I do believe the same would happen in the same scale this year as well if Russia wouldn't intervene. 
Saakashvili tried to invade the SO in 2004 as well, which is little known in the West as well.
So much about the humanitarian aspect.


> Chechnya has wanted to break away from Russia, Russia has responded in kind with military action. Enter a large nation with a modern arsenal to "back up" seperatist actions, and you have a situation much like Russia and the S. Ossetia.



see above.


----------



## JugBR (Aug 31, 2008)

Ramirezzz said:


> actually it was been discussed right after the Georgan intervention.



interesting stuff was acording to the bbc brazil, the ambassador os usa in moscow said that russia was right to defends their citzens in south ossetia.


----------



## Matt308 (Aug 31, 2008)

BS


----------



## JugBR (Aug 31, 2008)

Matt308 said:


> BS



BS huh ?

US Ambassador in Moscow: Russia's response to Georgia's actions in South Ossetia was reasonable


----------



## Milos Sijacki (Aug 31, 2008)

Ramirezz, that war in 1992. Was the shelling of Tshkinvali really similiar to that of Sarajevo?

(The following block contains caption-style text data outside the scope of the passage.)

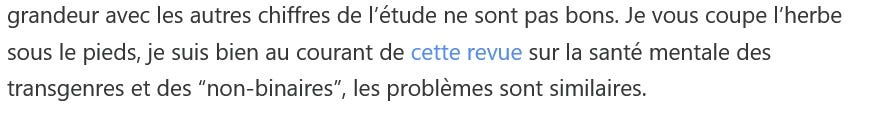 Photo by Aurélie L on May 27, 2026. May be an image of text that says 'grandeur avec les autres chiffres de l'étude ne sont pas bons. Je vous coupe l'herbe sous le pieds, je suis bien au courant de cette revue sur la santé mentale des transgenres et des "non-binaires". les problèmes sont similaires.'. Photo by Aurélie L on May 27, 2026. May be an image of text that says 'grandeur avec les autres chiffres de l'étude ne sont pas bons. Je vous coupe l'herbe sous le pieds, je suis bien au courant de cette revue sur la santé mentale des transgenres et des "non-binaires". les problèmes sont similaires.'.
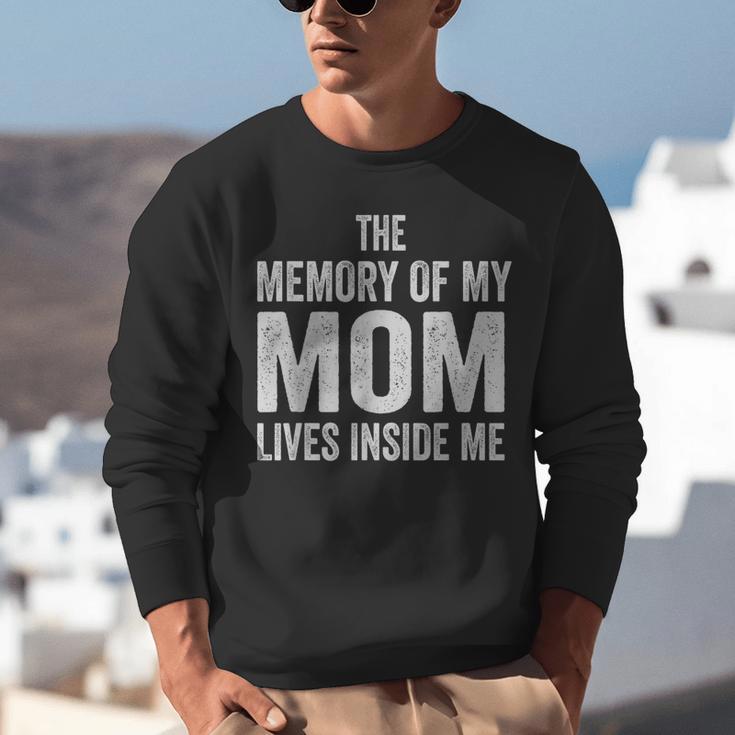 The Memory Of My Mom Lives Inside Me Unisex Sweatshirt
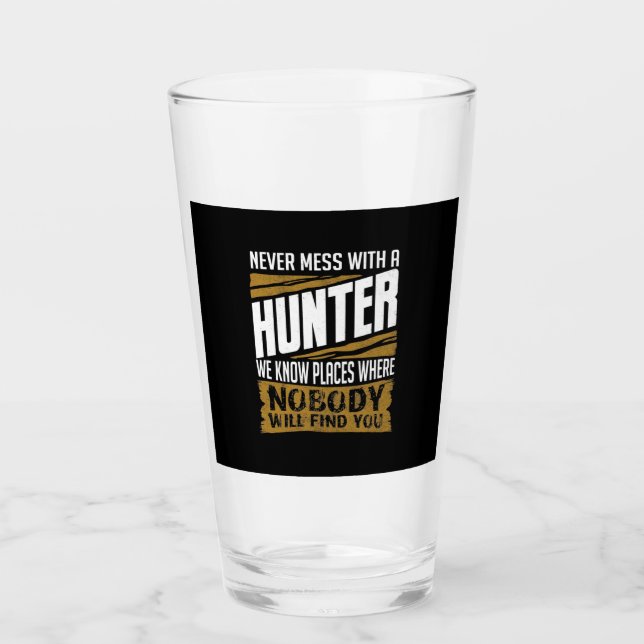 Never Mess With A Hunter Glass (Front)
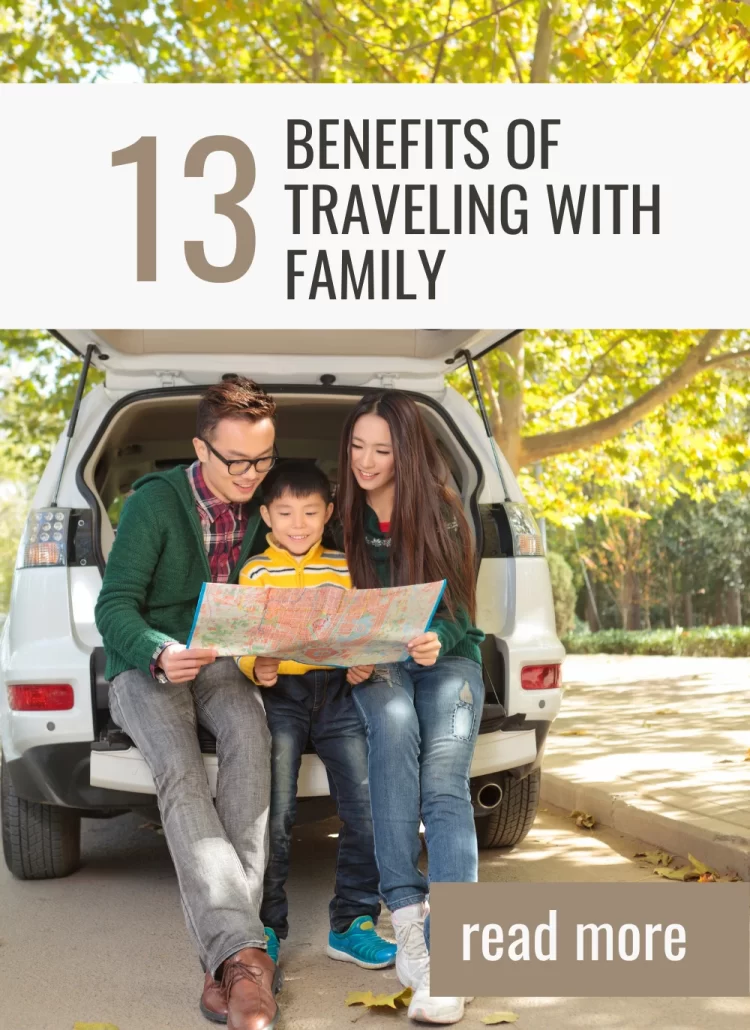 13 Benefits of Traveling with Family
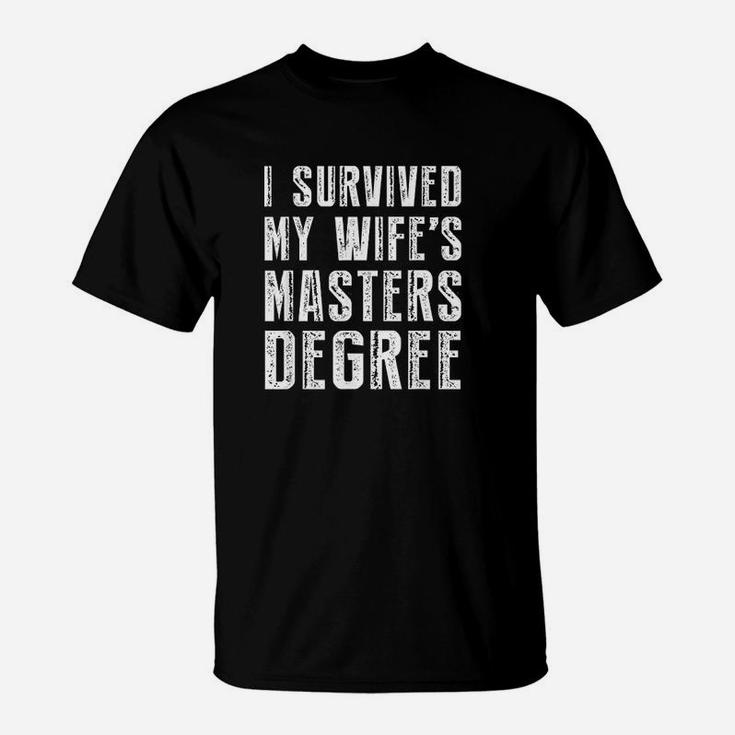 I Survived My Wife's Masters Degree T-Shirt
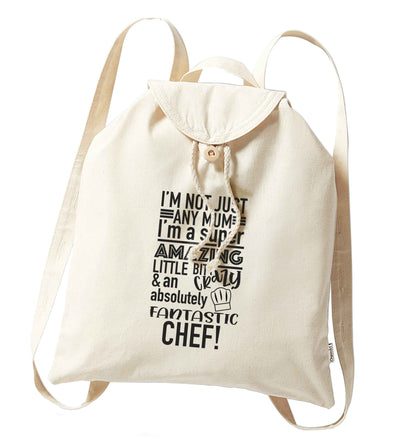 I'm not just any mum I'm a super amazing little bit crazy and an absolutely fantastic chef! organic cotton backpack tote with wooden buttons in natural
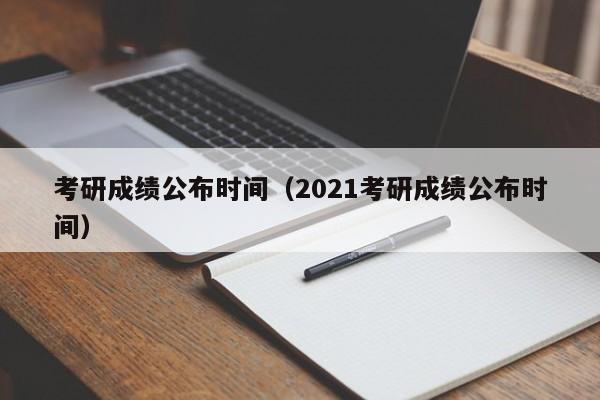 考研成績公布時間（2021考研成績公布時間）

What do You think about this independent Abkhazia and South Ossetia thing?


----------



## Matt308 (Aug 31, 2008)

JugBR said:


> BS huh ?
> 
> US Ambassador in Moscow: Russia's response to Georgia's actions in South Ossetia was reasonable



Yep.

Rice gives Russia cold shoulder over Georgia | Markets | Reuters


----------



## Ramirezzz (Aug 31, 2008)

Milos Sijacki said:


> Ramirezz, that war in 1992. Was the shelling of Tshkinvali really similiar to that of Sarajevo?


there were many similarities indeed. Georgians surrounded Tshinval and cut away the supply lines. They seized the hills around the city and shelled it with a heavy gunfire.



> What do You think about this independent Abkhazia and South Ossetia thing?


You mean the recent recognising of their independence by Russia?
I see at as a mistake at this particular moment. Or maybe not as mistake, but as a premature move in any case. They could hang up the whole issue for a while and chaffer their independence in the peace talks, not in that one - sided way like they've done it. But this is a complex political question , you know. 
From the local Caucasian point of view the recognition is certainly considered as a quite logical step in Russia's efforts to maintain their presence there. Any other decision would not have been understood by the locals, plain and simple. On the other side , there're still some separatist tensions inside Russian Caucasus republics, such as Ingushetia. Not as near as strong as in the past decade, but anyway present to a certain degree. They would react to this decision in a very predictable way.
Saakashvili has gained much points here as well. If he, say, would agree to recognise these republics in public in peace talks, he would turn into a political dead meat. No support of the opposition, everyone would turn away from him in this case. But now he can present it as a European problem and shuffle off the responsibilty off his shoulders. His message is something like " Europe should deal with that, Georgia was powerless from the very beginning". 
So from the global view that was clearly a premature move. And nobody remembers now who actually started this mess.
So it was actually a very tough decision to meet by Medvedev. But maybe there wasn't much choice either. Tough situation indeed.


----------



## JugBR (Aug 31, 2008)

Matt308 said:


> Yep.
> 
> Rice gives Russia cold shoulder over Georgia | Markets | Reuters



btw, rice is "soviet expert", and i heard that her russian is described as less than basic... i think it shows a picture of situation.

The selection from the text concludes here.